Mohammad Chowdhury launches Long Street Advisors

08 May 2023 Consultancy.com.au

Former PwC and Strategy& partner Mohammad Chowdhury has established his own consultancy, Long Street Advisors, with the aim to help clients add “meaning” to their digital strategies and programmes.

Taking to LinkedIn to announce his venture, Mohammad Chowdhury said, “Motivated by the significant opportunities for digital economy and inclusion, I am launching a new firm to support clients to enable “meaningful digitisation”.

Based out of Melbourne, Long Street Advisors helps clients in the technology, media and telecom sectors (Chowdhury previously led Strategy&’s TMT practice in Australia), as well as governments and investors.
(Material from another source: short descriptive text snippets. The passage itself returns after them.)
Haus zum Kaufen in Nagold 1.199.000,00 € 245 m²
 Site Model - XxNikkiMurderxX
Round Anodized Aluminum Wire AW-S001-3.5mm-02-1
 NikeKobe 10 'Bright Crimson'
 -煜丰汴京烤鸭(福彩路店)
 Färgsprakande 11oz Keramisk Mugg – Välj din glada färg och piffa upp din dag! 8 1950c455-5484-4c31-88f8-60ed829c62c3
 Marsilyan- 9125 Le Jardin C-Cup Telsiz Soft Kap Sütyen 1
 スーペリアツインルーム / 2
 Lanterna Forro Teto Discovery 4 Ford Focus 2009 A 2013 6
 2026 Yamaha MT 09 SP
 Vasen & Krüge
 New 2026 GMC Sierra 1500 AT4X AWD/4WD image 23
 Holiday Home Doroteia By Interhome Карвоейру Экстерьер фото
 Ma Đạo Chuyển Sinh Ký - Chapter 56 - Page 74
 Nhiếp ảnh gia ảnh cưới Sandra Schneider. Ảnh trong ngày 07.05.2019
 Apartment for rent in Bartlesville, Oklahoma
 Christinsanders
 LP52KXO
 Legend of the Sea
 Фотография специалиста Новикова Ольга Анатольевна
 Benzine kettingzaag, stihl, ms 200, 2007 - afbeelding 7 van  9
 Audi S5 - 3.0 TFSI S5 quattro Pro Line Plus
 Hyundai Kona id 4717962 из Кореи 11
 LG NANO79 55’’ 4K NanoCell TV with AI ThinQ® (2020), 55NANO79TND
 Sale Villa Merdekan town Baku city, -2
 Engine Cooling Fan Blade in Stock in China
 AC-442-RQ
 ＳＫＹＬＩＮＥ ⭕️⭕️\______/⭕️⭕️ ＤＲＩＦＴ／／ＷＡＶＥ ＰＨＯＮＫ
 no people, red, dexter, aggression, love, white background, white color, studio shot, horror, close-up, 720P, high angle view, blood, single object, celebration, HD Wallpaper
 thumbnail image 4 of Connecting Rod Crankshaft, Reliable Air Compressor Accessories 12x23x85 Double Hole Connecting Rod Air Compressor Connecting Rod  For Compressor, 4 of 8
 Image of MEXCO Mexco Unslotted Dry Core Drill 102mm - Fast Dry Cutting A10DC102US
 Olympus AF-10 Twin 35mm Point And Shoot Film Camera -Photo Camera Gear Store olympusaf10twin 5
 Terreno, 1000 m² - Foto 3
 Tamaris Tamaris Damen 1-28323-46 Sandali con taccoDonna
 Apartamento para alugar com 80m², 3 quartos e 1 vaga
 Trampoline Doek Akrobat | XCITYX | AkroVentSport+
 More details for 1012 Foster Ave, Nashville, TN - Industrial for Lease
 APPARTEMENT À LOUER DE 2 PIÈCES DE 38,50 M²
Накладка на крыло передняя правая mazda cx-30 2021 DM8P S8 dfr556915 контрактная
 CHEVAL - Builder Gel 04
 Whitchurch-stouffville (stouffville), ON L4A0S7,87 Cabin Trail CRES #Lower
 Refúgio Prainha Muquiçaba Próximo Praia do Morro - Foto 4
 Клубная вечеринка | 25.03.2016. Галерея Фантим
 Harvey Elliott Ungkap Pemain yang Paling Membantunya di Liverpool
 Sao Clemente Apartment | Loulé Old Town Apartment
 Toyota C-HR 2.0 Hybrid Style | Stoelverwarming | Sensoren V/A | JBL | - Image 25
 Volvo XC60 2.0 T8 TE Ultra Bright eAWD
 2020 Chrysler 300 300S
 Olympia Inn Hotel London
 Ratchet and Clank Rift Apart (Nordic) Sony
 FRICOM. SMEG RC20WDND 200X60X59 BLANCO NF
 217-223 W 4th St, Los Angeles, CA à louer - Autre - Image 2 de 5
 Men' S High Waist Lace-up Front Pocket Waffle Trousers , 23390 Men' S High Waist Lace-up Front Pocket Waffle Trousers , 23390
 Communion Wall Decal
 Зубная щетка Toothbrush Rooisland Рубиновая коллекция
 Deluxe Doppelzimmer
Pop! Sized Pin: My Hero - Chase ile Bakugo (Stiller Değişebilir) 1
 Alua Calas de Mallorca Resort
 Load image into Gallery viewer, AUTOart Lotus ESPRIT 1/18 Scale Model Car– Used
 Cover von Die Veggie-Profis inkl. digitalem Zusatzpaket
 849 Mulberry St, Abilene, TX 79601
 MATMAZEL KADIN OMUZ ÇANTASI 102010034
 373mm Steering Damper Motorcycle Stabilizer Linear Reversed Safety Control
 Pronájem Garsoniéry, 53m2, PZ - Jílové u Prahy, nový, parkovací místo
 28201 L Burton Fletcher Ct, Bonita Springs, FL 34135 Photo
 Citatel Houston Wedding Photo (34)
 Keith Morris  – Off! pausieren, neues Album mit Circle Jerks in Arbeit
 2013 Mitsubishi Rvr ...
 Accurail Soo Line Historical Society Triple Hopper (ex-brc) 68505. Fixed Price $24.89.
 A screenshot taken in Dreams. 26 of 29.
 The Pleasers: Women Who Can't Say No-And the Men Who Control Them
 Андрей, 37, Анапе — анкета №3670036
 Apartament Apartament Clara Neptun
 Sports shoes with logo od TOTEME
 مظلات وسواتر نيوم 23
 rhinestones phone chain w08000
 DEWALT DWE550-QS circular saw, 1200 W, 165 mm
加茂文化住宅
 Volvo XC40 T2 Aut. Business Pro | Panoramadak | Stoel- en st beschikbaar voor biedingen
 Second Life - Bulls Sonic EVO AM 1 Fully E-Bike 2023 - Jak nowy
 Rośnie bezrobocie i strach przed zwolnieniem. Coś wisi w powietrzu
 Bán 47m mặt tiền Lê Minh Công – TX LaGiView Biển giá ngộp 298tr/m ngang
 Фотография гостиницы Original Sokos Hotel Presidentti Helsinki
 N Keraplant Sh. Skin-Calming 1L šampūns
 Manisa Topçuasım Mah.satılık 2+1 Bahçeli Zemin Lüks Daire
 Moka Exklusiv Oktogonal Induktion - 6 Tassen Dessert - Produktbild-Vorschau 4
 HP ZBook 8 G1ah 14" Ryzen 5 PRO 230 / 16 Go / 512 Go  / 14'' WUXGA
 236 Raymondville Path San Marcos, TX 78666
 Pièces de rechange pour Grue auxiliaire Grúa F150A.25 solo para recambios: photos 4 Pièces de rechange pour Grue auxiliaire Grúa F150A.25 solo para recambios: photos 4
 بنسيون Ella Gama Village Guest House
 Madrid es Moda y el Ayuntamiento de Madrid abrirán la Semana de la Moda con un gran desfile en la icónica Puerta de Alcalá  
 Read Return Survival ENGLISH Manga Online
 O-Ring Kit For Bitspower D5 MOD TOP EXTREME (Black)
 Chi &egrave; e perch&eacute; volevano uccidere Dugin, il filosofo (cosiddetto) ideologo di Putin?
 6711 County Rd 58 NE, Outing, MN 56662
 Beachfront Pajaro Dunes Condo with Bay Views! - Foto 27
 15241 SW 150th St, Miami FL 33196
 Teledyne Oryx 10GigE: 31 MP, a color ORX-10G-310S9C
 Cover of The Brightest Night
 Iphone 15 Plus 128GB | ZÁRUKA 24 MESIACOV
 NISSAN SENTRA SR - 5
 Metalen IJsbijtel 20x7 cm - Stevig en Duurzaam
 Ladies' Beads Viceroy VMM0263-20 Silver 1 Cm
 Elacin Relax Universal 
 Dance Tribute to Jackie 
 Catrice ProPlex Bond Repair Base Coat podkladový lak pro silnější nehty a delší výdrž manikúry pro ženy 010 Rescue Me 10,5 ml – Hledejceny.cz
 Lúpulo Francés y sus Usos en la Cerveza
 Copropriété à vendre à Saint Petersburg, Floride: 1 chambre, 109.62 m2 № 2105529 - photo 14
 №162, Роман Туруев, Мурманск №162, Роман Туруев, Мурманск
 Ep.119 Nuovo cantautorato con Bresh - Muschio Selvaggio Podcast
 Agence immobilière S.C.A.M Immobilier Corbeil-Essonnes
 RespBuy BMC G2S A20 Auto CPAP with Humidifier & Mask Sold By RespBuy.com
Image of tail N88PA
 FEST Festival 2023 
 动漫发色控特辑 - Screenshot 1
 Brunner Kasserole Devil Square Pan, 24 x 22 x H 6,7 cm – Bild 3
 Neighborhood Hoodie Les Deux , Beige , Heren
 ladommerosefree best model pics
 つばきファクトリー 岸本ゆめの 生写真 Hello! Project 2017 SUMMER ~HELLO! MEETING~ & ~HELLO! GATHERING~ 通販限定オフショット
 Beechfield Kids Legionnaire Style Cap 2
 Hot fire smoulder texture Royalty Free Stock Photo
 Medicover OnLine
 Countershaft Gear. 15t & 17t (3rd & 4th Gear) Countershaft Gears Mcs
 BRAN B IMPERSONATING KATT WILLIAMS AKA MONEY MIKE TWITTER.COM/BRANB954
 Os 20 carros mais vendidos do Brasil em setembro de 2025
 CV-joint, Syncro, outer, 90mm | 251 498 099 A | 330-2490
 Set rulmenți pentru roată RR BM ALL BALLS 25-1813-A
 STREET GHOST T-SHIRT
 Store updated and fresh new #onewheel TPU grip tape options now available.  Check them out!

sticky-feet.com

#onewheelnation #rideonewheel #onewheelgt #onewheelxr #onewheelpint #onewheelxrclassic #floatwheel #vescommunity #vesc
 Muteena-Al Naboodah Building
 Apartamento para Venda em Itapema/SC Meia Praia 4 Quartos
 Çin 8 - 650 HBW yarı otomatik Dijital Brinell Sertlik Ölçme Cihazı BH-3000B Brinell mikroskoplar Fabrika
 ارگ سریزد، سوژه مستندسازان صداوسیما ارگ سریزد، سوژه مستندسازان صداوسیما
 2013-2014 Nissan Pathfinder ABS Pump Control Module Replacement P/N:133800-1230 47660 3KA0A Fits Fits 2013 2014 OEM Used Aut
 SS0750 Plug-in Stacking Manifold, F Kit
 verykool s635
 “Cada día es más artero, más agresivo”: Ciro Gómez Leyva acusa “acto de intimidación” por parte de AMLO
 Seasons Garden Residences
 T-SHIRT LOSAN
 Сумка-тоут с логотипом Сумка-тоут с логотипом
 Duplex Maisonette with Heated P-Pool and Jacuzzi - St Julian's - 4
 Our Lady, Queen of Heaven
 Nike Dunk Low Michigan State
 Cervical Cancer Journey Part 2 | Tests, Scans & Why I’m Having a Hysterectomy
Drawing from a network of experts in multiple locations, Long Street Advisors will target clients in Australia, Asia, and Europe.

Mohammad Chowdhury launches Long Street Advisors

A more than three-decade consulting veteran, Chowdhury first joined PwC in London in 1990, having earned his masters in economics and development politics at the University of Cambridge. He has since amassed a glittering career, covering just about every corner of the globe.

After more than a decade in his first stint with PwC, which saw him deliver telecom assignments across Eastern Europe, the Middle East and Africa, Chowdhury then joined IBM Consulting (as part of its acquisition of PwC Consulting in the aftermath of the Enron scandal).

After six years with the tech giant, and a further two years with Vodafone in Egypt, Chowdhury in 2011 returned to the PwC fold as a partner in India, leading the firm’s national TMT segment for the next four years. Following a one-year sabbatical and a stint advising the Myanmar government on telecoms strategy, Chowdhury would then lead PwC’s TMT business for Southeast Asia and ANZ from Jakarta, before crossing with the firm to Melbourne in 2017.

After most recently serving both Strategy& and PwC as a partner focused on TMT and the digital economy, Chowdhury last month retired from the partnership.

“I am deeply grateful to my friends and colleagues at PwC [and Strategy&] for many years of collegiate friendship, through my first innings in the UK and US, and second innings in India, Indonesia and Australia, and running our TMT practice in several parts of the world. The partners who trained me years ago put in place the fundamentals for my professional career.”

Now, Chowdhury will leverage his track record to offer a range of services centred around three key areas: digital economy strategy, go-to-market for emerging technologies and digital-driven innovation, and scaling impact.

One motivation for establishing his own firm, he said, was the desire to support the deployment of digital infrastructure in a way that would ensure no one gets left behind. “I work in this sector because I care about opportunity, equality and inclusion.”